MM: What’s the process like when you design a knife? CW: Sometimes the light bulb just goes off on my head and I scribble it down on a napkin. Other times it’s a tried-and-true design that I think I can improve. All of my knives are named after the rivers and creeks in South Carolina. Some are pretty revolutionary, like my Edisto oyster knife. I was using a spade device to cut oysters and I noticed that it was like an arrowhead and I said to myself “That’s it. That’s what an oyster knife has to be.” It took me a couple years messing around with the shape, but everyone who gets them raves. Our tool helped a guy win the national amateur shucking contest, which is a little feather in our cap.
We can only hope the guy on the right recognizes how awesome the other guy’s knives are.
MM: Any advice for people who are thinking about throwing off their investment banking job and becoming craftsmen? CW: Well, it’s absolutely the best decision I’ve ever made in my life but also the scariest. I have two young children. Flying around all the time, missing basketball games and T-ball practice didn’t appeal to me anymore.
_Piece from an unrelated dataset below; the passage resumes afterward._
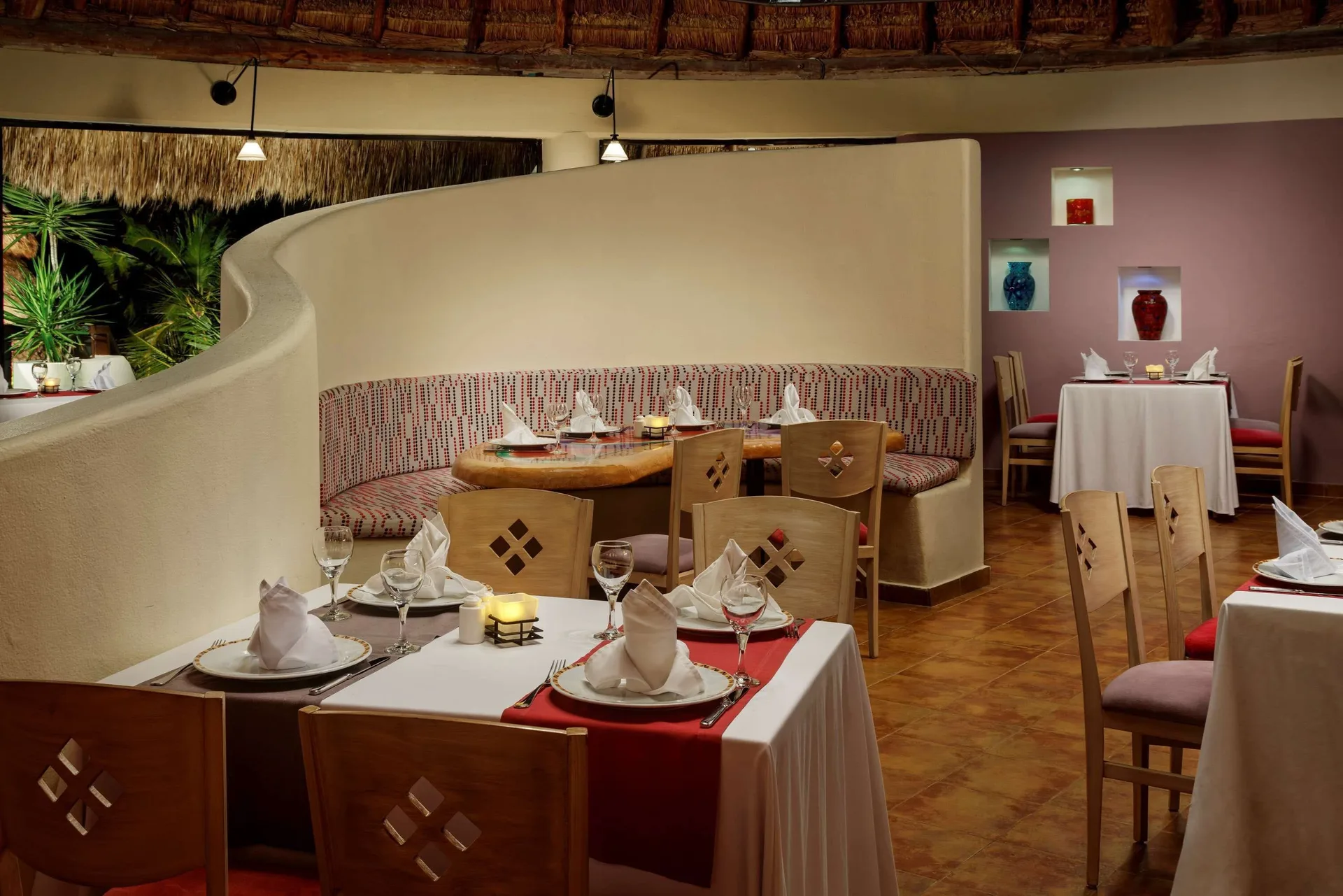 Restaurant tables with folded napkins and a curved booth at The Reef Coco Beach Resort & Spa.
The economics has worked out, but it’s less about making money and more about doing the best I can. I firmly believe that if you do what you love the money will follow. My grandfather always told me that if you love what you do you’ll never work a day in your life. Any time I feel a little down, I remember that. What I do isn’t really work. I feel like there are so many suppressed artists in a cubicle somewhere and in reality doing what you love is the American dream. I don’t know that knives are going to save the world, but we’re making people happy.
MM: What’s behind this resurgence of interest in American craftsmanship? CW: Well, the Internet makes it easier for people to conduct international business. Even five years ago that was a lot harder. That’s opened doors. But the biggest reason is, there are a lot of people who have had to circle the wagons and regroup and come up with new ways to make a living. There are a lot of people out there doing something that they weren’t doing before the downturn. The spark of creativity that lives within each of us has been fueled by a means of providing for your family. I think the American-made movement we’re in the midst of is something to behold, to say the least.